(Short descriptive text snippets)
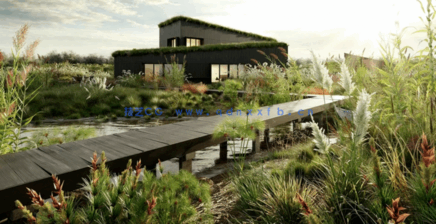 植物草3D模型 Globe Plants – Bundle 26 – Ornamental Grasses 02(图5)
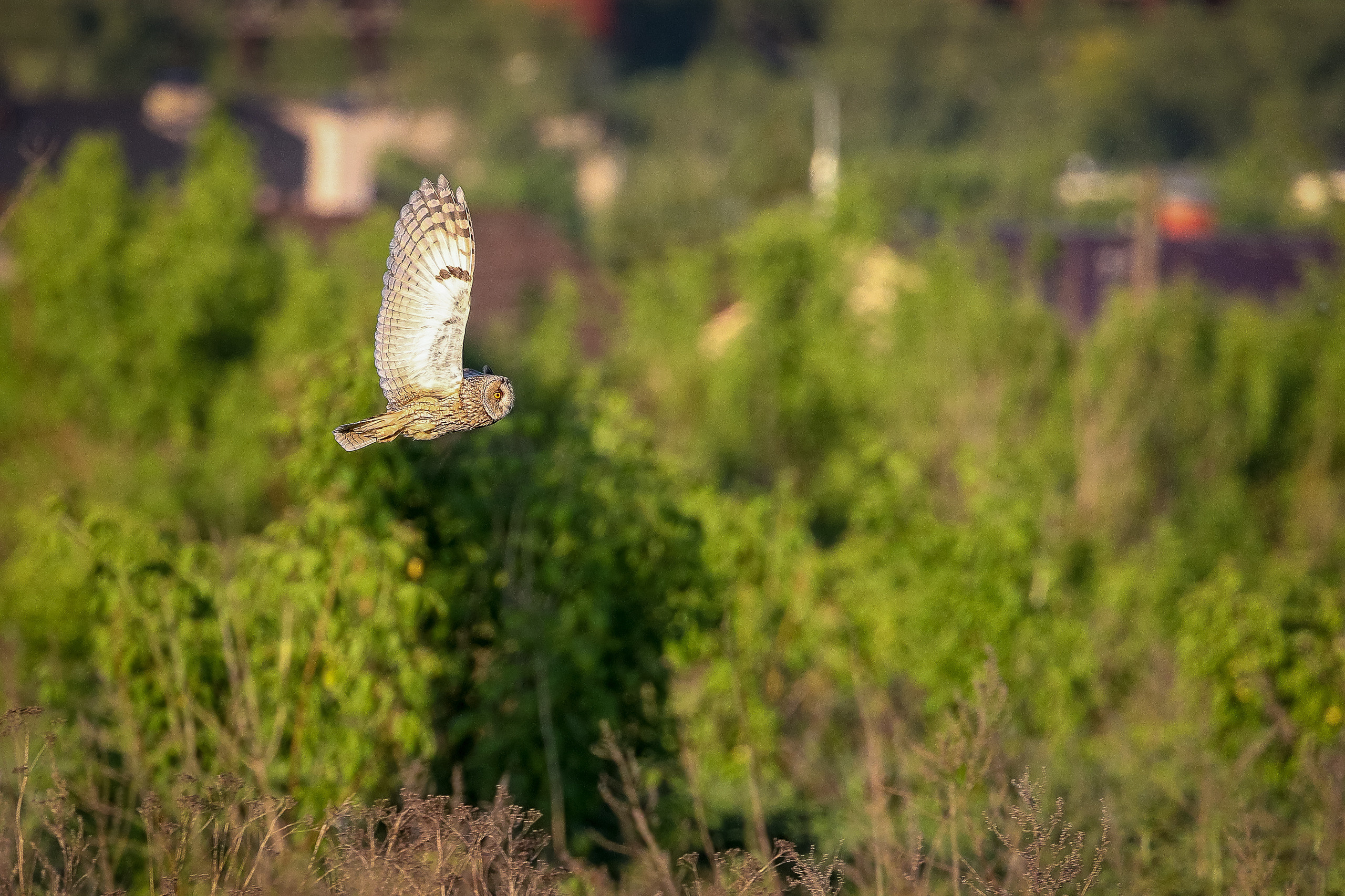 Ушастая сова в полете вид сбоку
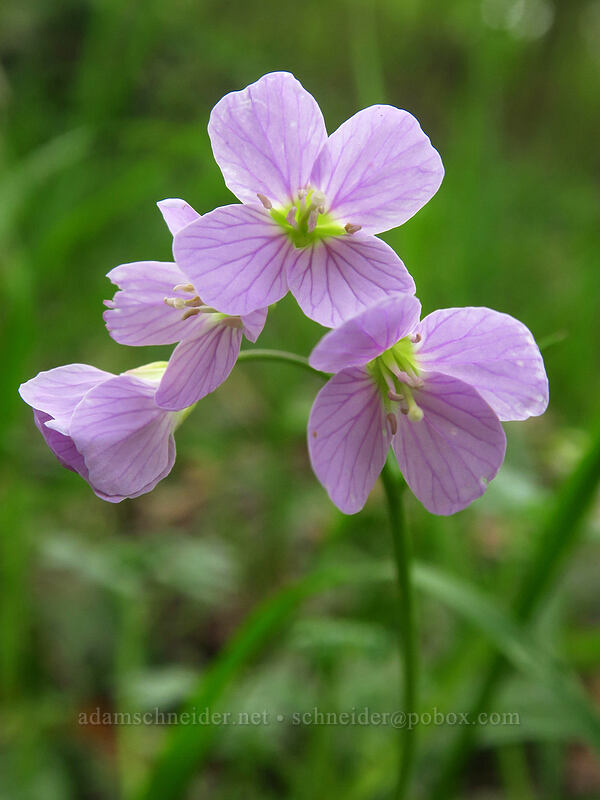 oaks toothwort (Cardamine nuttallii) [Camassia Natural Area, West Linn, Clackamas County, Oregon]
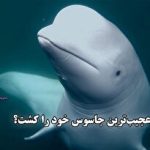 واعظی: کاسبان فیلترینگ مانع آزادی اینترنت هستند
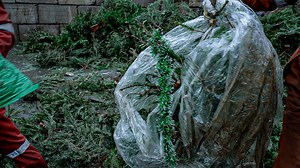 Video | Kerstboom met piek en al op straat: recyclebedrijf heeft er handen vol aan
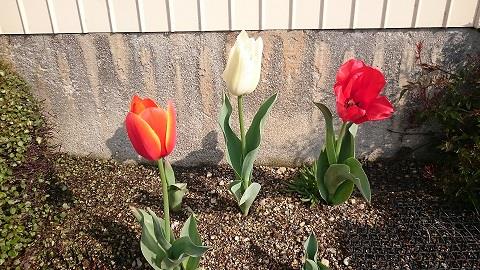 pj_14c79692cc2.jpg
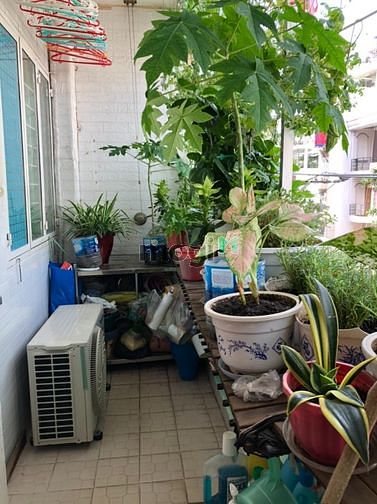 Hình ảnh Cho thuê Trang Chủ MB66.COM / Đăng Ký Tặng 66K Bàu Cát II, 2pn giá 7tr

=== TASK PROMPT ===
Give back every entry in full, exactly as written, with no picture included.

=== WRITTEN REPLY ===
 植物草3D模型 Globe Plants – Bundle 26 – Ornamental Grasses 02(图5)
 Ушастая сова в полете вид сбоку
 oaks toothwort (Cardamine nuttallii) [Camassia Natural Area, West Linn, Clackamas County, Oregon]
 واعظی: کاسبان فیلترینگ مانع آزادی اینترنت هستند
 Video | Kerstboom met piek en al op straat: recyclebedrijf heeft er handen vol aan
 pj_14c79692cc2.jpg
 Hình ảnh Cho thuê Trang Chủ MB66.COM / Đăng Ký Tặng 66K Bàu Cát II, 2pn giá 7tr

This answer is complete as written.